- [Problem details]: Leaving out pictures, output exactly the lines below from the one that has "Chapter 30 A" through the one that has "Hamamzz® Marmaris DeLuxe", and nothing else.

:: Data for review ::

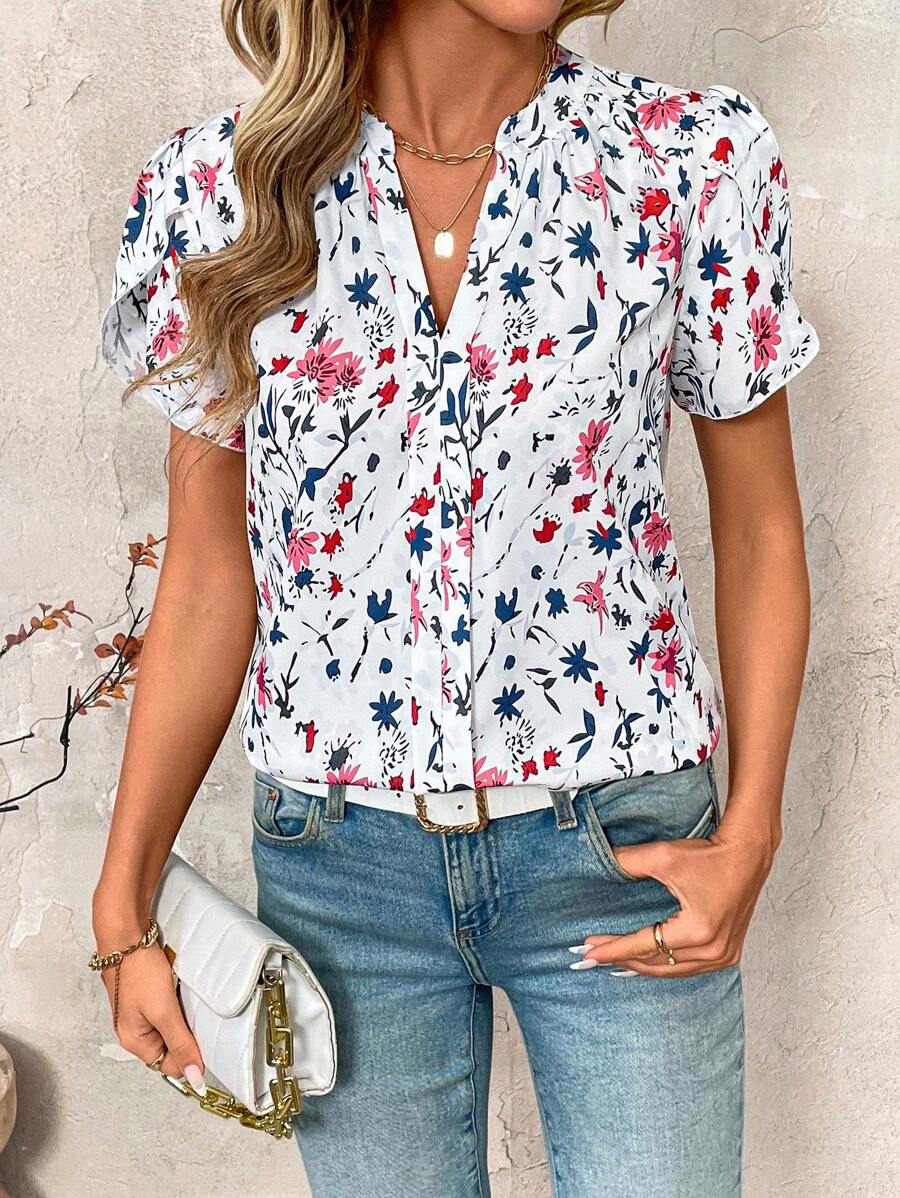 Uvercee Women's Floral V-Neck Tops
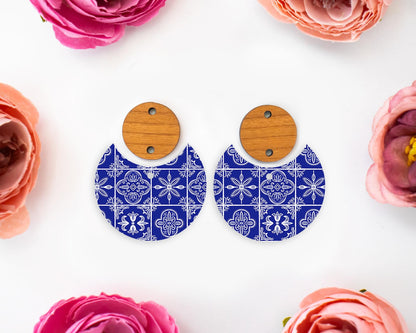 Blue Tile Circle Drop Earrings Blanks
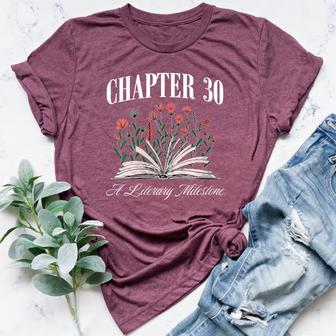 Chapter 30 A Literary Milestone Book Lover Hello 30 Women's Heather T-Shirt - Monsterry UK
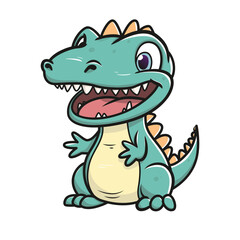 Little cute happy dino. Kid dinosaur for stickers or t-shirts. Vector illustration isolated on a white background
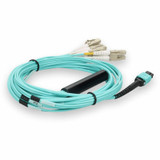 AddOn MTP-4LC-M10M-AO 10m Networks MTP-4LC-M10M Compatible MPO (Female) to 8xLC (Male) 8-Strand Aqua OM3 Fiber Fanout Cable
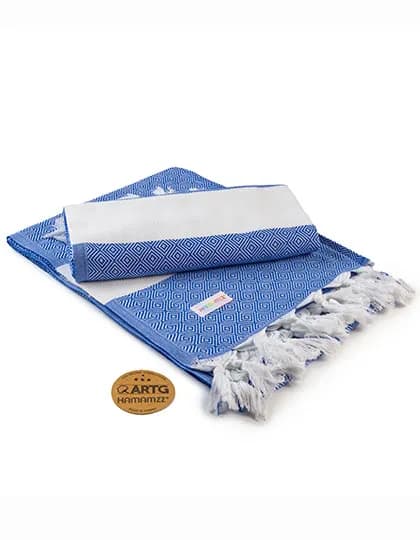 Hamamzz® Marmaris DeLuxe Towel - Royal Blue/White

:::
:: Data for review ::

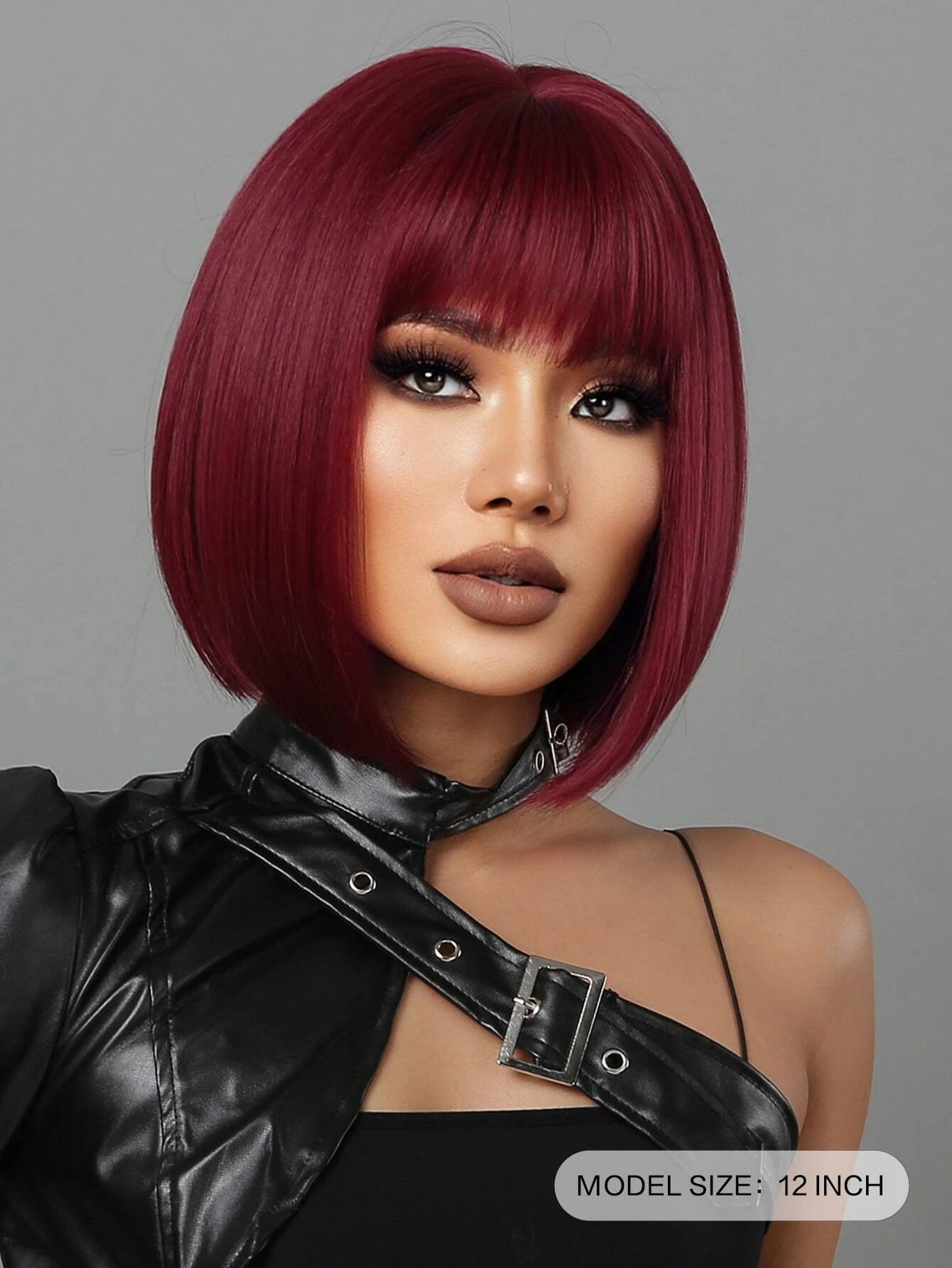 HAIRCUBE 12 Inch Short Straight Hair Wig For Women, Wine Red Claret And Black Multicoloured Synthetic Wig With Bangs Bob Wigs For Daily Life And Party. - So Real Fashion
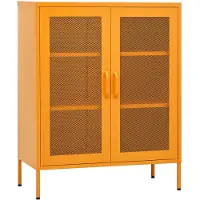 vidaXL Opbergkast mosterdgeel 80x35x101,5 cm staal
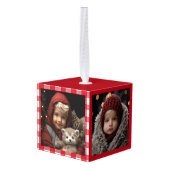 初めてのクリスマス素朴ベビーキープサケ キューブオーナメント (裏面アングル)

:::
:: Data for review ::

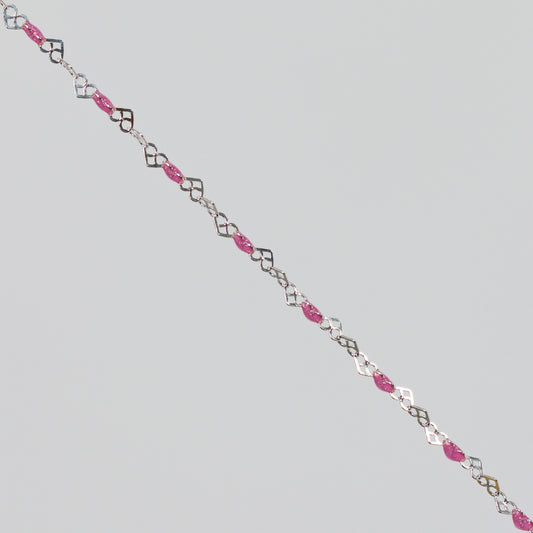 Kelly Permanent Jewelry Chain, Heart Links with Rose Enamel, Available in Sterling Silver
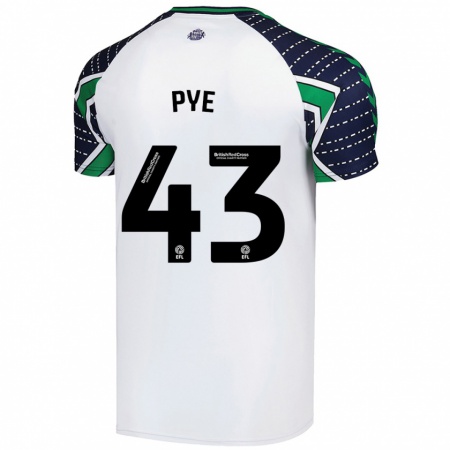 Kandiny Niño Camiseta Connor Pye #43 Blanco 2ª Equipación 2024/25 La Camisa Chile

:::

- [Solution for this problem]:
 Chapter 30 A Literary Milestone Book Lover Hello 30 Women's Heather T-Shirt - Monsterry UK
 Little cute happy dino. Kid dinosaur for stickers or t-shirts. Vector illustration isolated on a white background
 AddOn MTP-4LC-M10M-AO 10m Networks MTP-4LC-M10M Compatible MPO (Female) to 8xLC (Male) 8-Strand Aqua OM3 Fiber Fanout Cable
 Hamamzz® Marmaris DeLuxe Towel - Royal Blue/White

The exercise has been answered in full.